The quote below is from a 2002 email I never sent. It was for an email discussion group which was trying to put together a special issue of "The International Journal of Therapeutic Communities" devoted to therapeutic communities in both the United States and the U.K. The special issue itself didn't materialise:

 

When I began work as an archivist here I was sent to talk with Maxwell Jones in Canada about the future of his archives. My response was "Maxwell who?" But that was also my response when sent to talk to the son of George Lyward: "George who?" By which time I had been living and working with disturbed children in a residential therapeutic community for very nearly ten years. The Archive has now been here for thirteen going on fourteen years. The apparent depth and breadth of the field continues to expand; each new interview, each new archival accession, and to some extent the material coming into the library, pushes the foundations for the work beyond and then beyond again the received view of the field's history and boundaries.

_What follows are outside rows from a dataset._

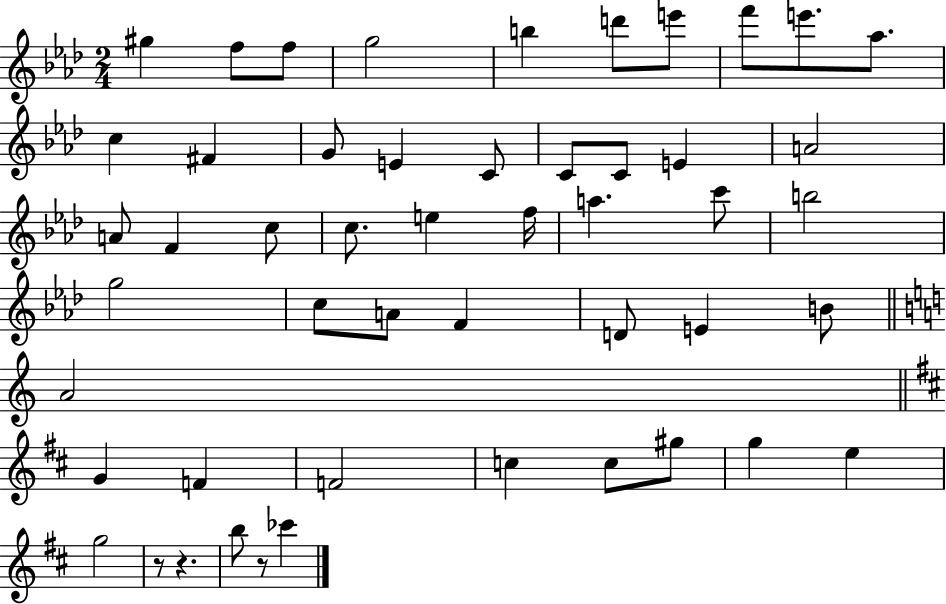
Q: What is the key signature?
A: AES major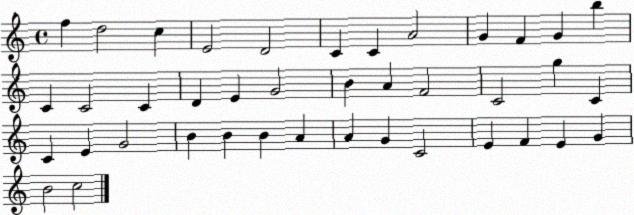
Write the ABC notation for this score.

X:1
T:Untitled
M:4/4
L:1/4
K:C
f d2 c E2 D2 C C A2 G F G b C C2 C D E G2 B A F2 C2 g C C E G2 B B B A A G C2 E F E G B2 c2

There is a small part of me that gets angry: "Why didn't I know about this before?" "Why didn't someone tell me this before?" I get upset about the lost connections, the people who have disappeared from the canon, who are occluded by the compartments in which people do the work (at least over here), including, perhaps most forcefully, the past-devouring compartment of "the present". I don't think I would get upset if it didn't matter, if it weren't so dangerous. If the Ignorance hadn't effectively destroyed so many therapeutic communities over here; as it seems to have done in the States.